Exercise objective: Using the line with "Compound Radial Break Compound Fracture Arm" as your starting point, transcribe it and each line beneath it word for word until the records run out, without pictures.

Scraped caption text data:
====================

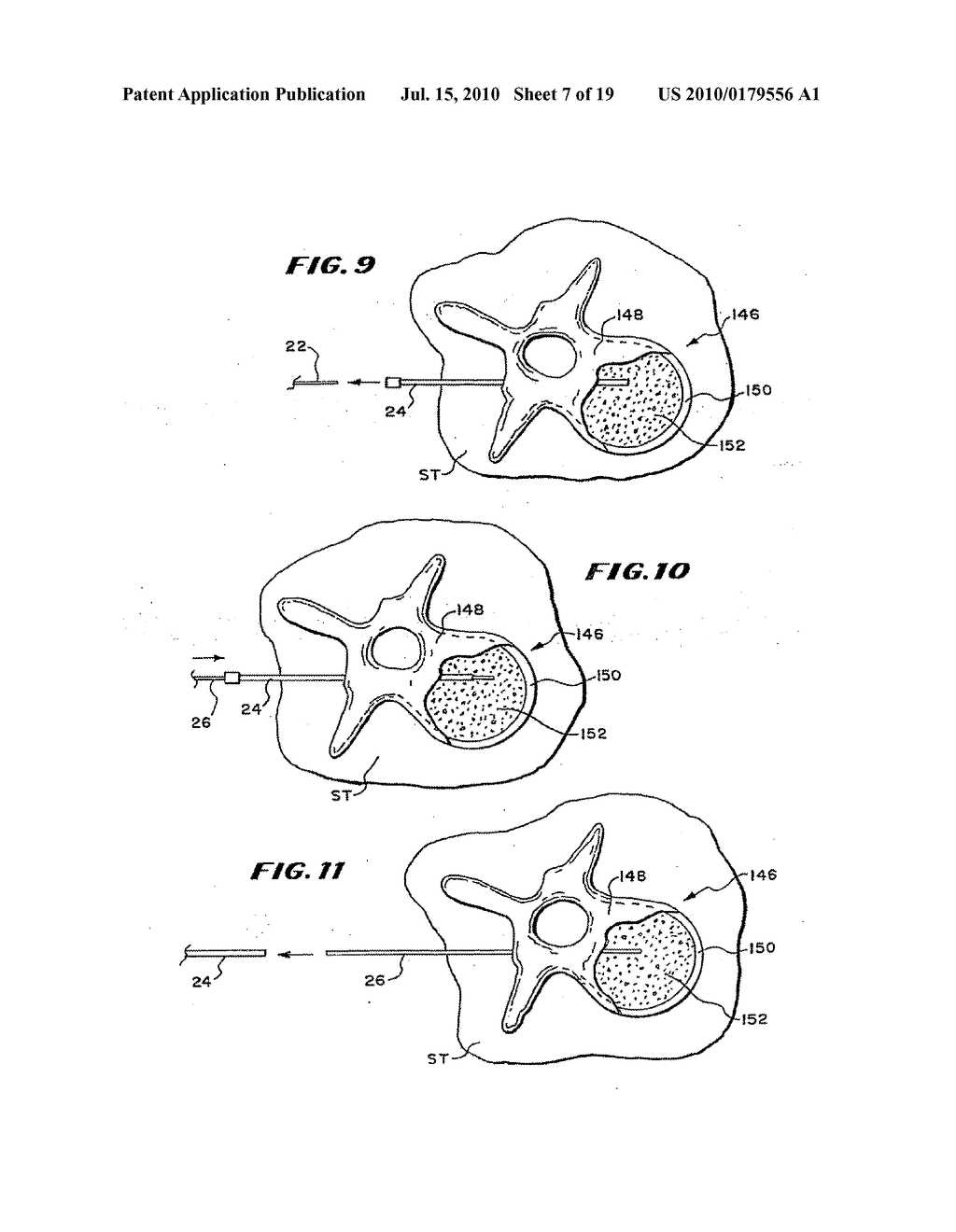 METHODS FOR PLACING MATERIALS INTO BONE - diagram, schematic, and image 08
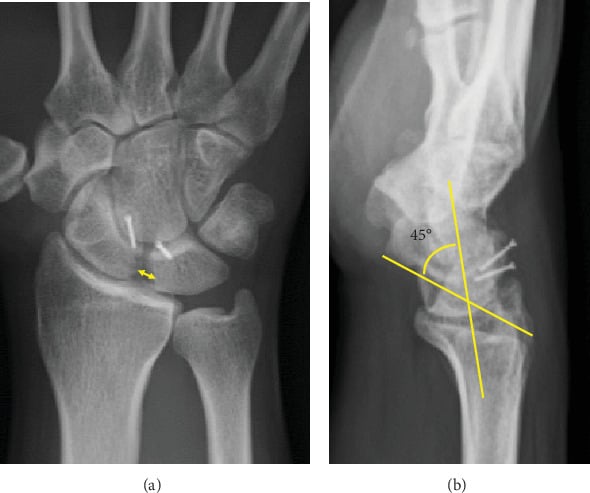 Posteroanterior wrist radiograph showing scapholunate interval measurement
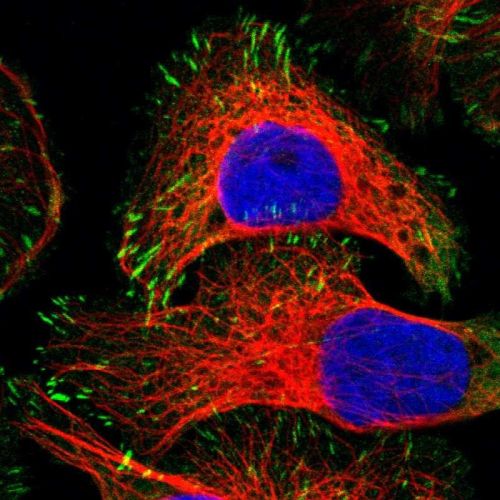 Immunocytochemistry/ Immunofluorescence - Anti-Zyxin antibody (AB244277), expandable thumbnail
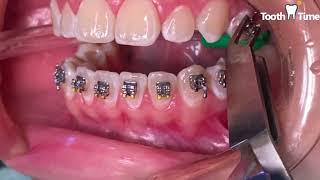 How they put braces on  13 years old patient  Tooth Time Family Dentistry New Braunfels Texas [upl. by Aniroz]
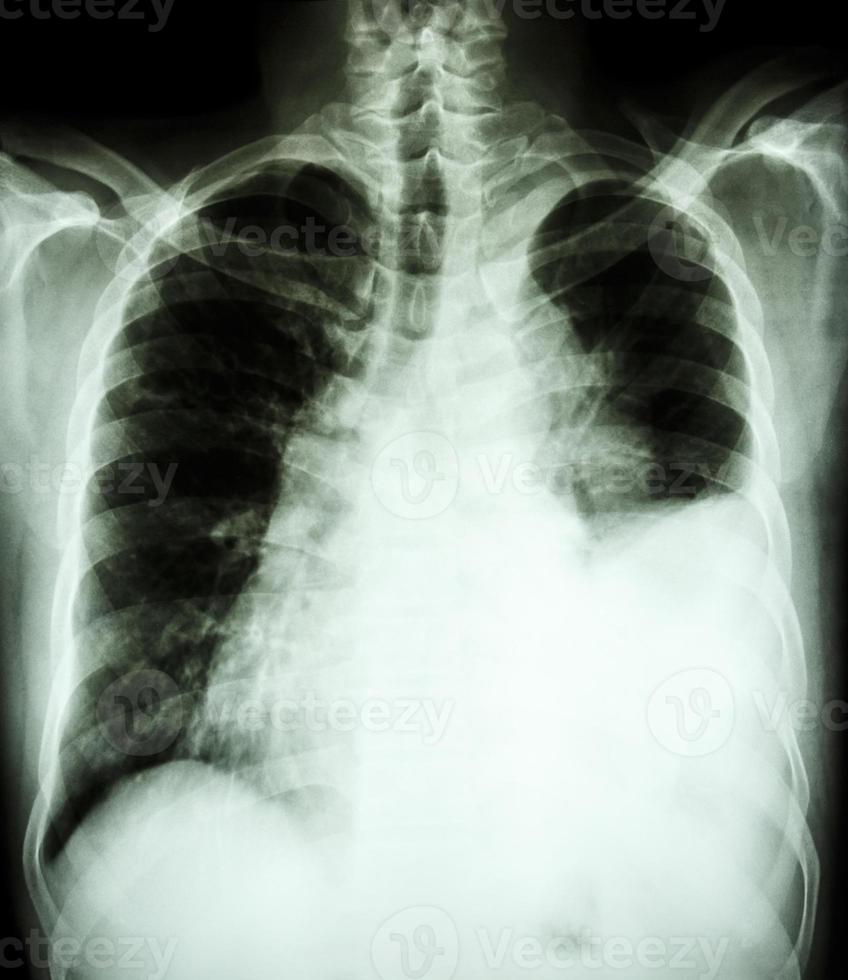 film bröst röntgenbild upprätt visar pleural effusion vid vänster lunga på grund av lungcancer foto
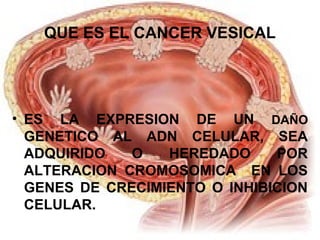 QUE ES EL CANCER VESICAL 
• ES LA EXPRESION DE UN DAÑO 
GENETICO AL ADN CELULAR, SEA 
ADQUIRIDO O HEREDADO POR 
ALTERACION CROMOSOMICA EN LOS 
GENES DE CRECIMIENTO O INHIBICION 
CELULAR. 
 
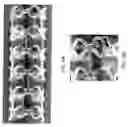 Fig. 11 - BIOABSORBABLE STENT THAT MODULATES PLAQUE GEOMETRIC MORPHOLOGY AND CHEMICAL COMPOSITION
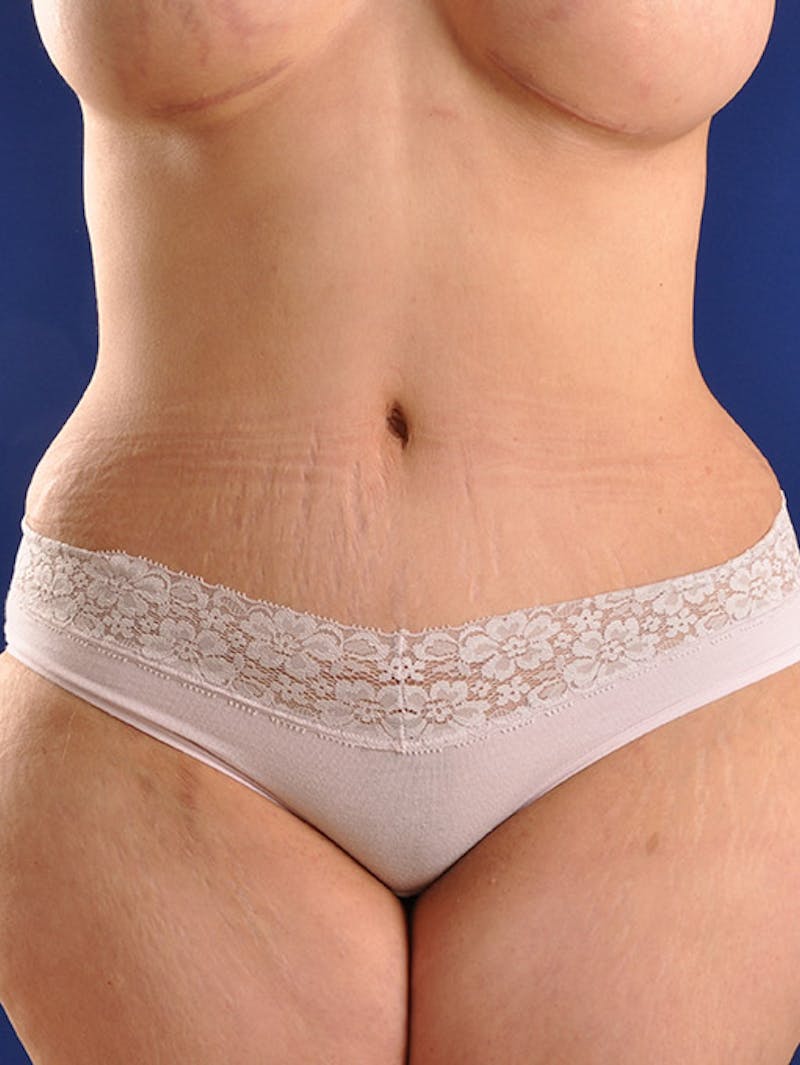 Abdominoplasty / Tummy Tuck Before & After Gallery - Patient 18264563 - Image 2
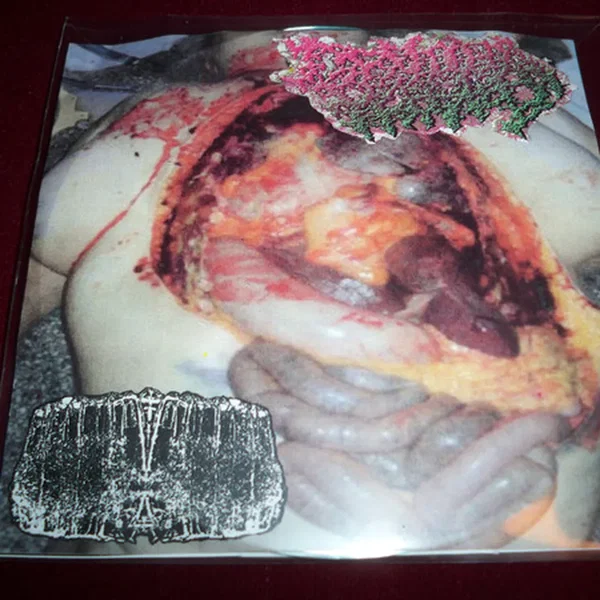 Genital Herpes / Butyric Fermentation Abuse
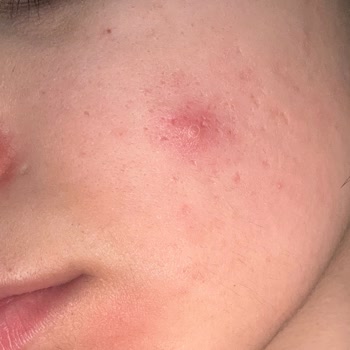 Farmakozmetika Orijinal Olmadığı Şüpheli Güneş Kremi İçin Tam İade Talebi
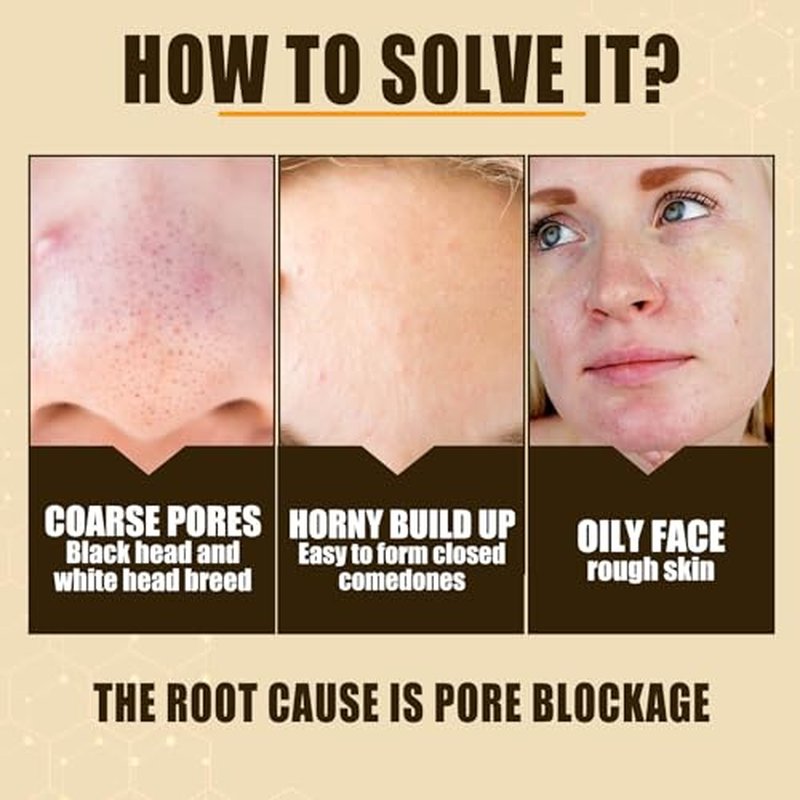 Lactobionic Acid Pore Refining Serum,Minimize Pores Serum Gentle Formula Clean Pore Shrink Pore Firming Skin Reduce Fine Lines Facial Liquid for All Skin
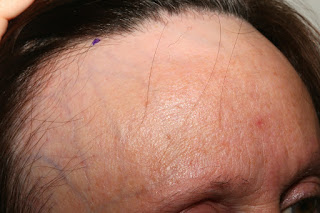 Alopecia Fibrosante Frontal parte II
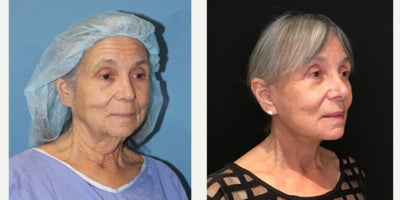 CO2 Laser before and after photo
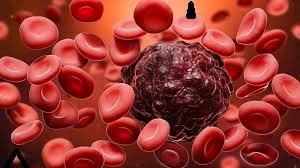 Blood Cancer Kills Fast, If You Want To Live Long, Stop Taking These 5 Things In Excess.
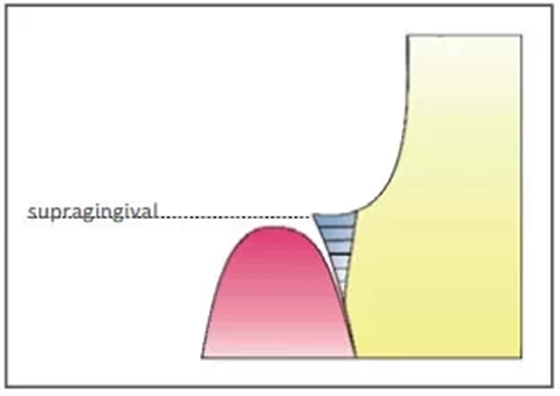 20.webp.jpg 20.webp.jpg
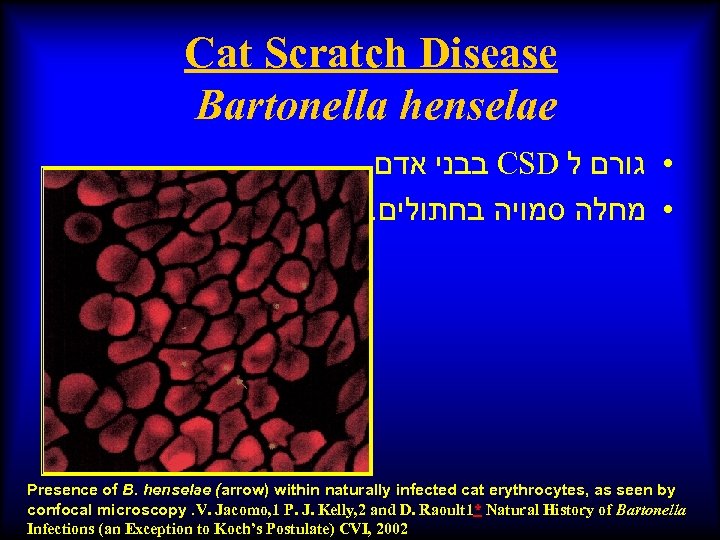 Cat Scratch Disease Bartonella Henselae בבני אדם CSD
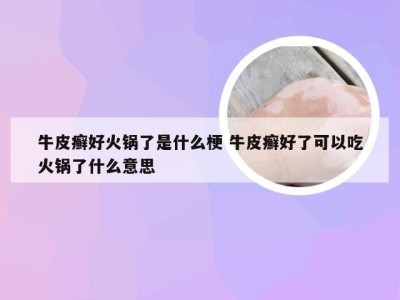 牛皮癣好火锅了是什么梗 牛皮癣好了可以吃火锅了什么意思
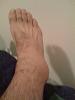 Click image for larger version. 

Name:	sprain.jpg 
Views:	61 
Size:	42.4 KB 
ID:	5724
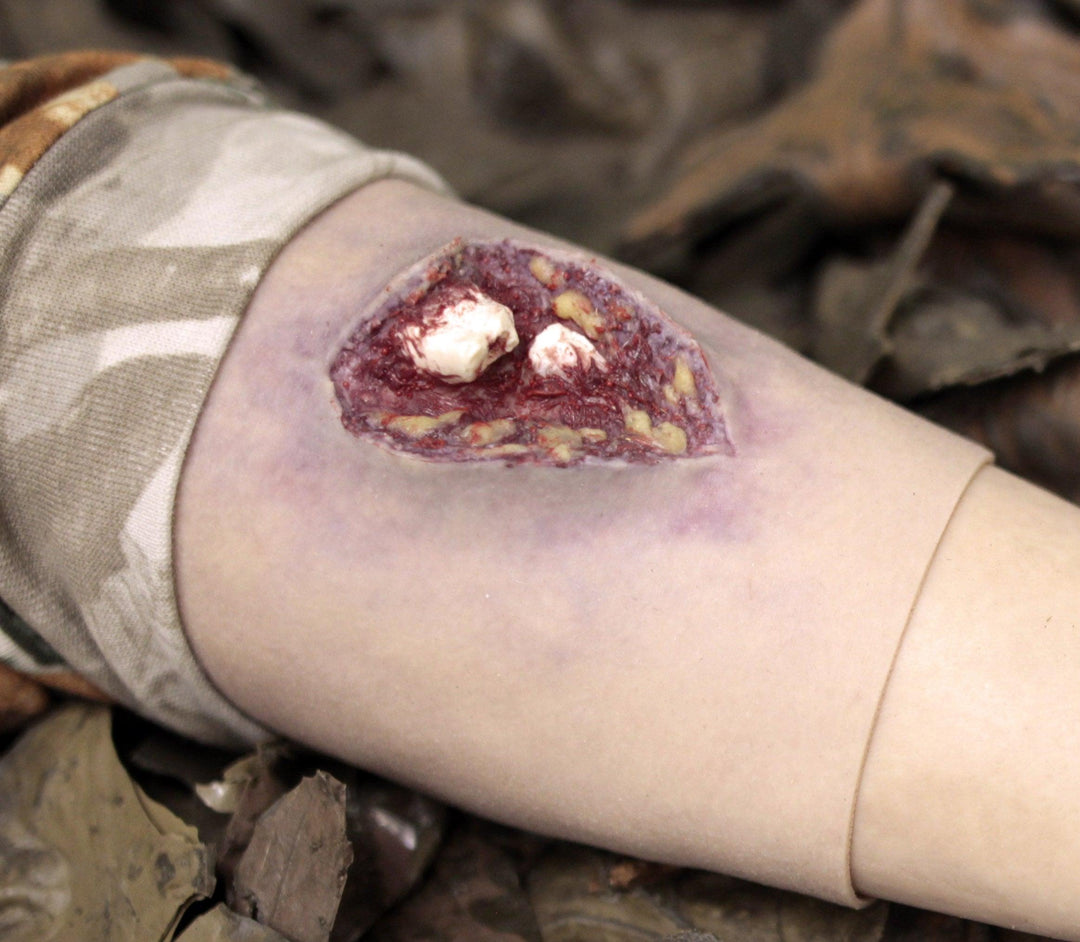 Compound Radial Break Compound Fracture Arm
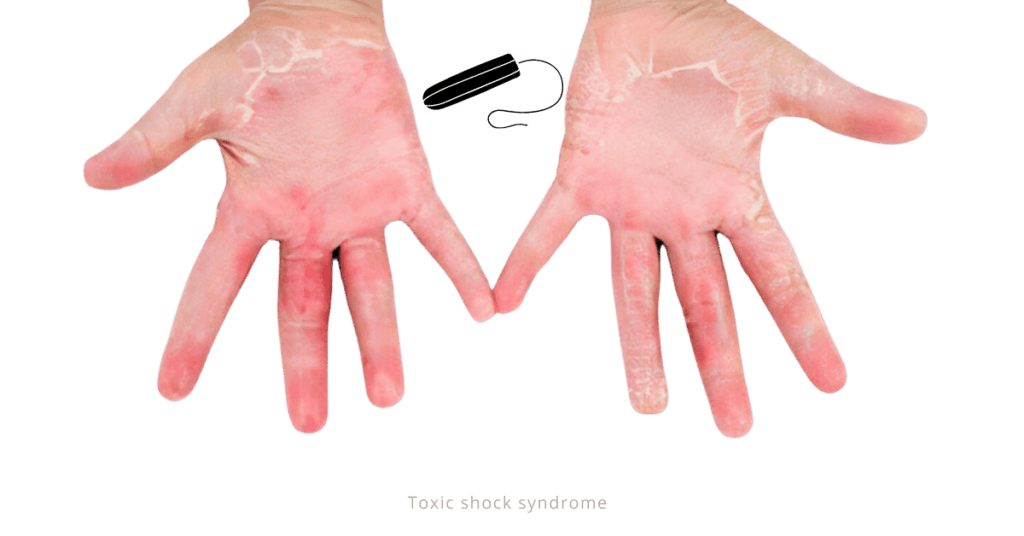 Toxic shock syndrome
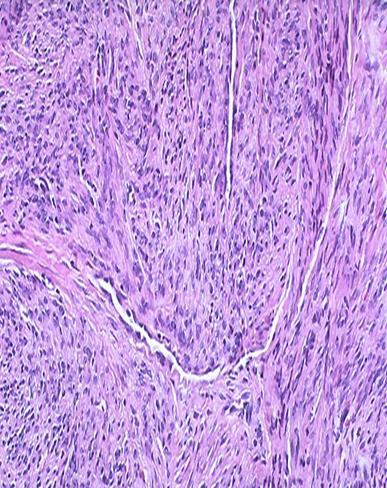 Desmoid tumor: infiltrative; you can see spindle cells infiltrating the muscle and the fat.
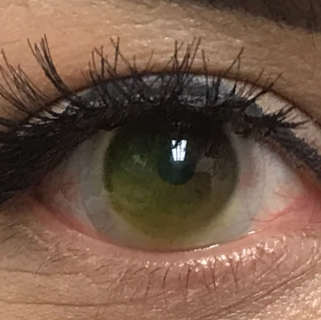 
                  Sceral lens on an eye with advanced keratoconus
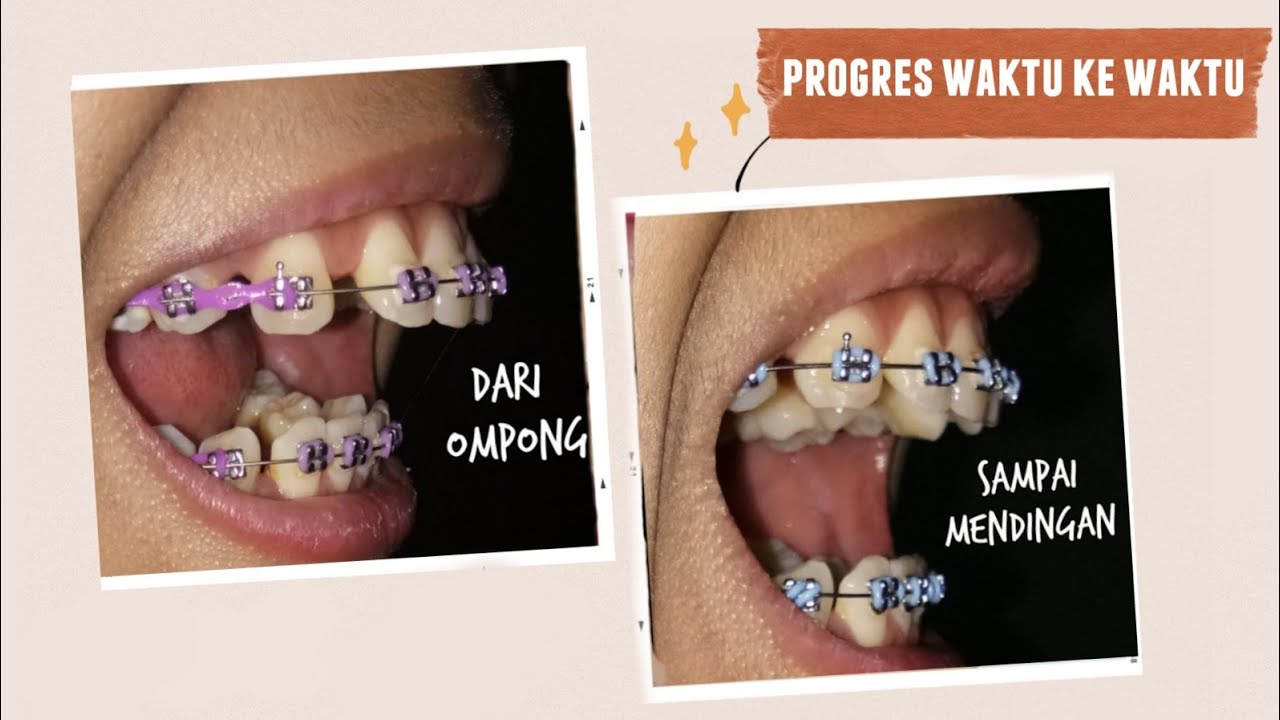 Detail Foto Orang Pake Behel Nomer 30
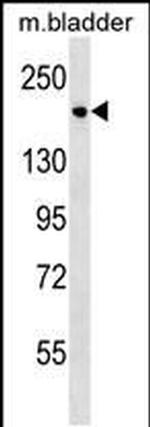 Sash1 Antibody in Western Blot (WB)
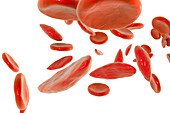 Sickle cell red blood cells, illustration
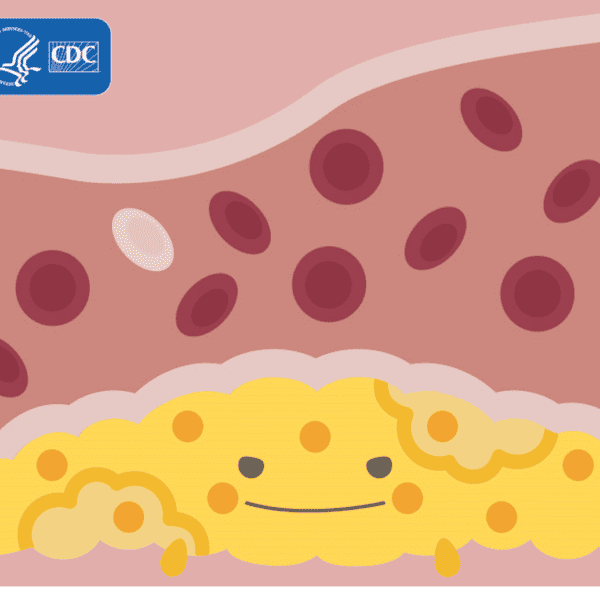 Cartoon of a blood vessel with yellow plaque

====================

Exercise answer:
 Compound Radial Break Compound Fracture Arm
 Toxic shock syndrome
 Desmoid tumor: infiltrative; you can see spindle cells infiltrating the muscle and the fat.
                  Sceral lens on an eye with advanced keratoconus
 Detail Foto Orang Pake Behel Nomer 30
 Sash1 Antibody in Western Blot (WB)
 Sickle cell red blood cells, illustration
 Cartoon of a blood vessel with yellow plaque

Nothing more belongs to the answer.